Mister Magpie (my English 'friends' tell me I should have addressed him so) would bounce over the garden and across the red brick paving to the open door. Magpies are described by ornotholgists as 'medium-sized' birds but in your typical Melbourne back yard they're about twice the size of the next largest feathered presence. Magpies, and this boy specifically, nevertheless have a rather peculiar way of bouncing along, tilting their heads at neck-achingly awkward angles; constantly on the look out for a territorial threat.

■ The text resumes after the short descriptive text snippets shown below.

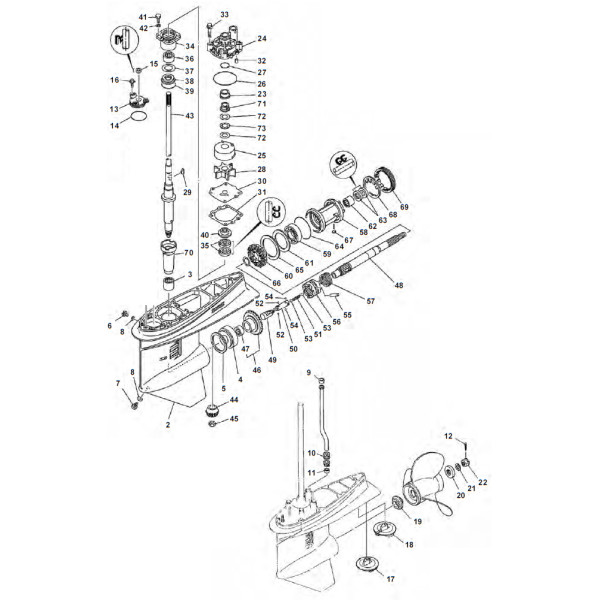 115B/C/CETO/TXRZ/TLRA - 130BETO/TLRA/TLRZ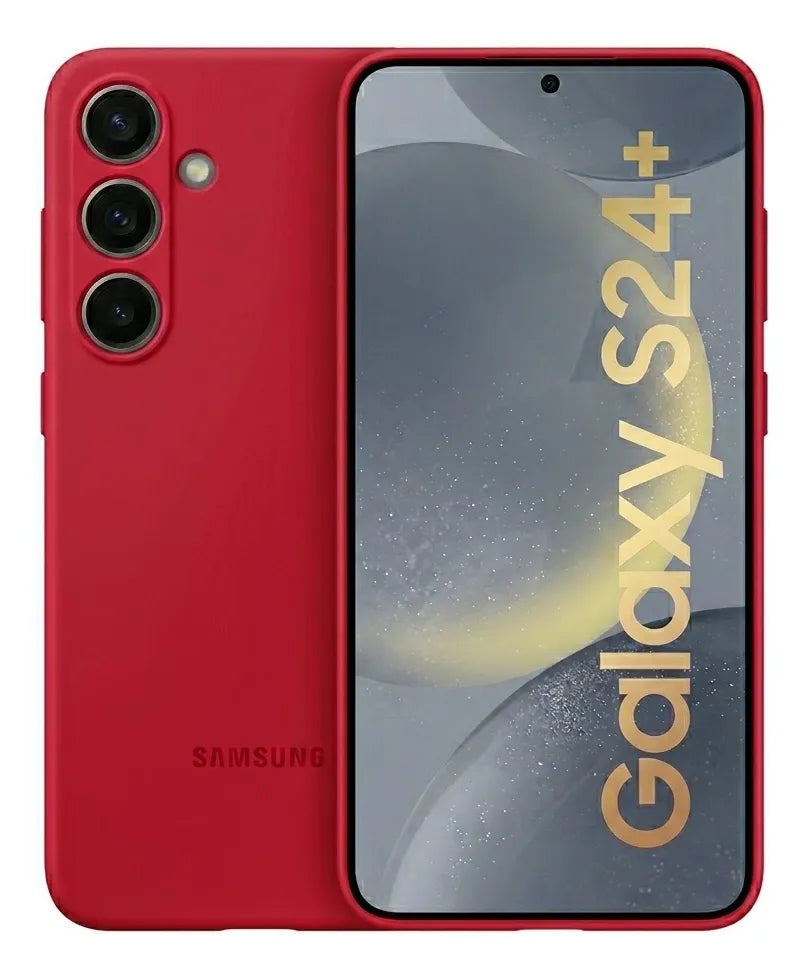 Funda Case Silicona Para Samsung Galaxy S24 / S24+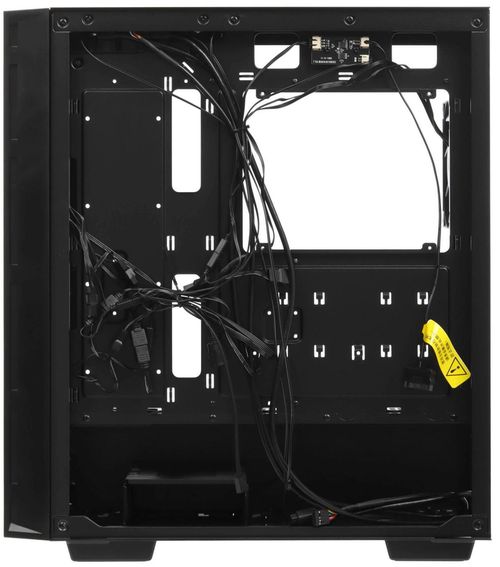 купить Корпус для ПК Deepcool MATREXX 55 V4 C Black в Кишинёве 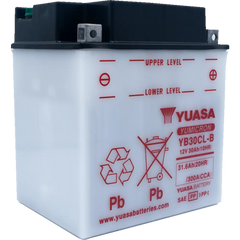 YUASA Battery - YB30CL-B YUAM2230CTWN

He never quite managed to convince himself that he was entirely safe. His other half was another matter entirely. My mother was rather entranced by these big elegant birds and she would throw to them any available cast off bits of meat. After a while, and a rather short while at that, the bolder half of the partnership took to sauntering through the doors, past the dining table and right into the kitchen. She would stand about while mum 'cooked' looking expectant each time mum opened the fridge.

I can hear still the faint tack tack of her talons (?) on the lino.

I've wandered a long way from my bath. I have photos to post but need permission of the photographers before I put them here (and since I've never attempted that ie, posting photos, before We - that's the Royal We, could be in for an interesting time; I'm not working tomorrow so I've got plenty of time).